If you’re forced to make your way between two parallel lines of people armed with clubs who are intent on thrashing the living daylights out of you and you don’t have the option to sprint like hell in the opposite direction, you are running either the gantlet or the gauntlet, depending upon whom you ask. I’m a “gauntlet” fellow. I find the very sight of “gantlet” fussy and prissy, as if those two lines of assailants are raring to smack you around with doilies.
GEL/JELL
A gel is a jelly; it is also a transparent colored sheet, usually made of plastic, used in stage lighting.
When Jell-O sets, or when one’s master plan takes shape, it either gels or jells. I like “jells.”
GIBE/JIBE/JIVE
There’s a lot of etymological muddiness here, but you’ll be on solid ground if you use “gibe” to mean (as a noun) a sneering taunt or (as a verb) to deride, and “jibe” to mean agree with or align.
The periodically encountered use of “jive” to mean “jibe” (“I’m so pleased that our plans for the weekend jive”) is unsupportable, etymologically or any other -ly.
GRAVELY/GRAVELLY
“Gravely” is an adverb denoting seriousness, as one may become gravely ill.
“Gravelly” is an adjective characterizing a collection of pebbles and other bits of rock, as in a gravelly road, or roughness, as in a raspy, gravelly voice.
GRISLY/GRISTLY/GRIZZLY/GRIZZLED
Gory crimes are grisly.
Tough meat is gristly.
Some bears are grizzly.
Mistaken references to “grizzly crimes” (unless committed by actual bears, in which case OK) are extremely popular, always good for a chuckle, and to be avoided strenuously.
“Grizzled” refers to hair streaked with gray—and, by extension, it makes a decent synonym for “old.” It does not mean, as many people seem to think it does, either unkempt or rugged.
HANGAR/HANGER
One puts a plane in a hangar.
One hangs a coat on a hanger.
The underappreciated cut of beef found suspended*19 from a cow’s diaphragm is hanger steak.
HANGED/HUNG
Criminals are hanged.
Paintings are hung. Some. Also men.
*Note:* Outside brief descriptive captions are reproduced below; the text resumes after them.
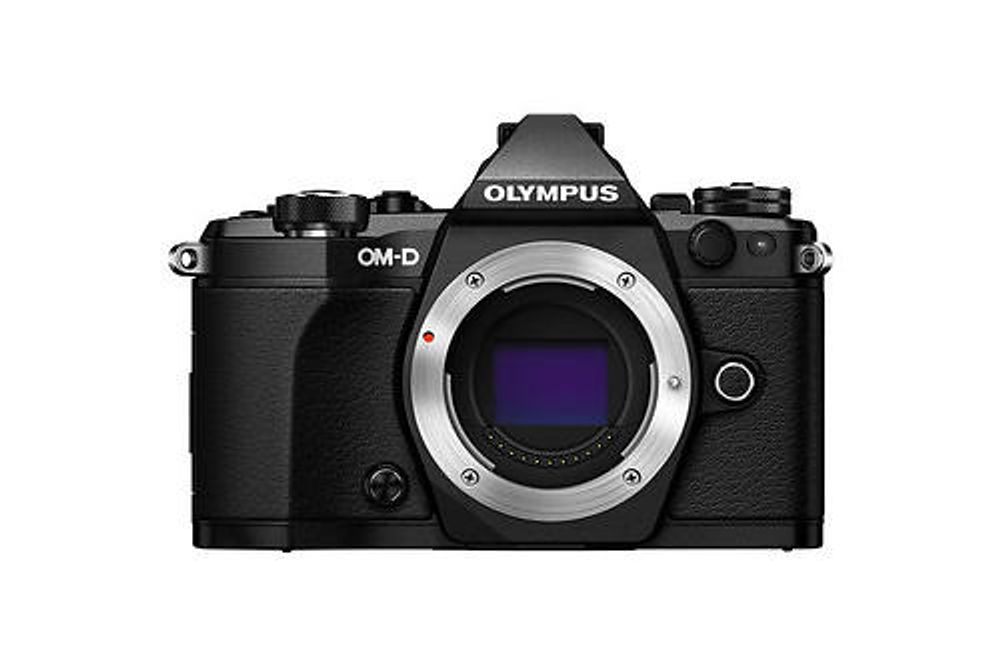 Olympus OM-D E-M5 Mark II brukt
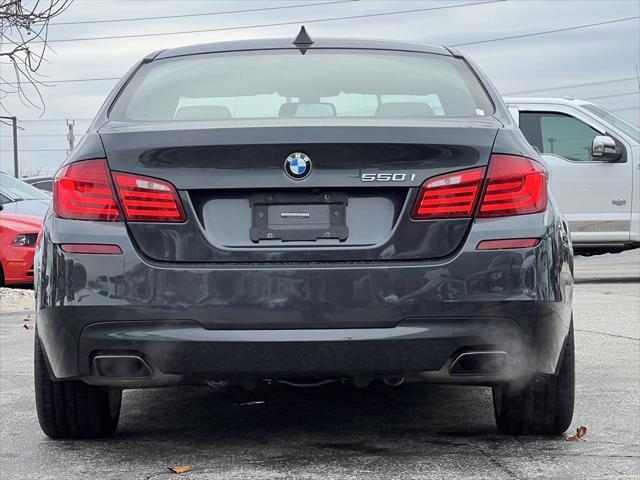 used 2011 BMW 550 car, priced at $10,250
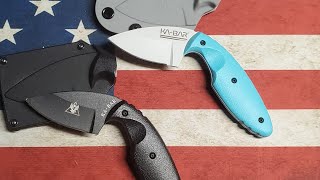 KABAR USSF Astro TDI Knife [upl. by Ainnek]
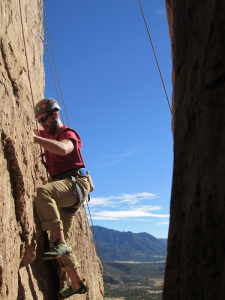 tim climbs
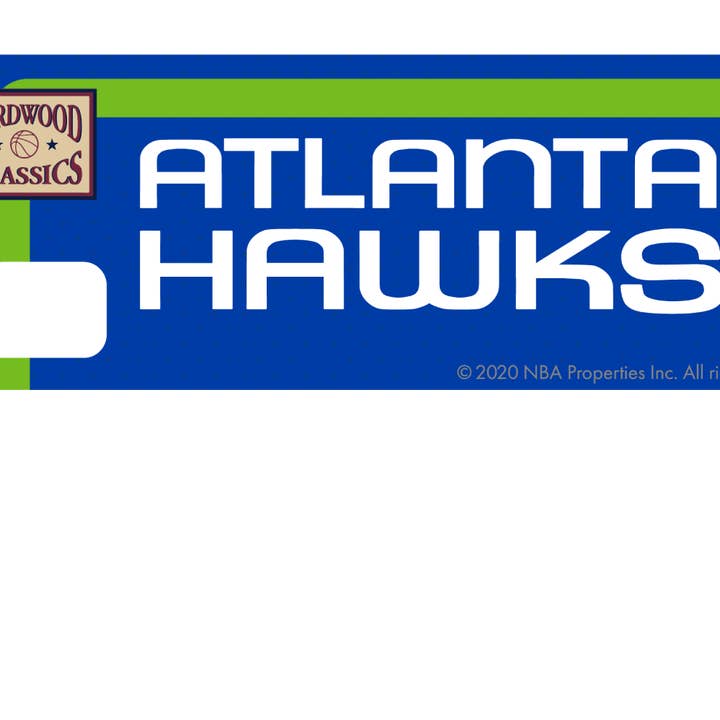 Atlanta Hawks: Away Hardwood Classics för wholesale av CUCU Covers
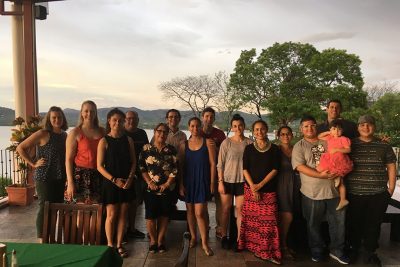 Costa Rica Abroad Program La Paz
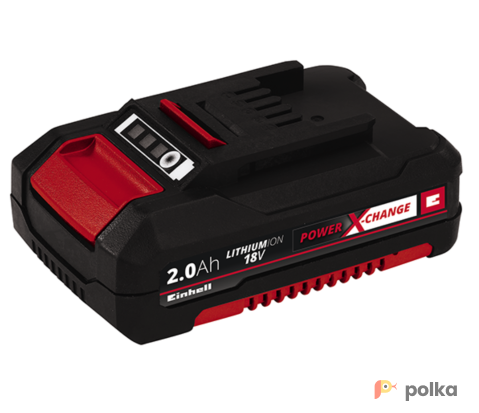 Возьмите Аккумулятор Einhell PXC 18V 2,0Ah напрокат (Фото 3) в Москве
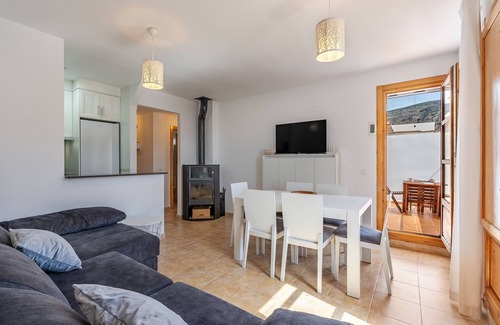 Picena Casa | Chalet "Villa Picena Las Alpujarras" con terraza privada y Wi-Fi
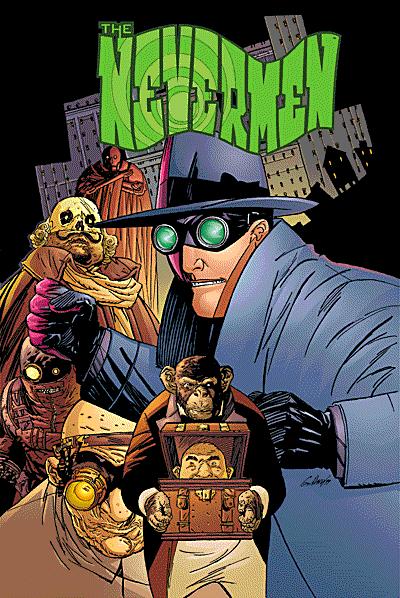 Cover for Dark Horse Extra #21 (99-372)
Some.
HARDY/HEARTY
Hardy people are able to cope with hardship; they are plucky, doughty, intrepid, indomitable.
Hearty people have a lot of hear
t; they are spirited and ebullient and cheerful, often in a loud, demonstrative, and irritating fashion.
A rich, nourishing soup or stew is hearty.
HAWK/HOCK
Verbwise, to hawk (outside discussion of birds, that is) is to sell and to hock is to pawn.
As to loogies, you may either (traditionally) hawk them or (popularly) hock them.
To hork, should you need to know this, is to vomit or to…well, there are a few other definitions, most of them disgusting.
HISTORIC/HISTORICAL
“Historic” denotes significance, as the passing of the Civil Rights Act was a historic event.
“Historical” simply denotes presence in the past.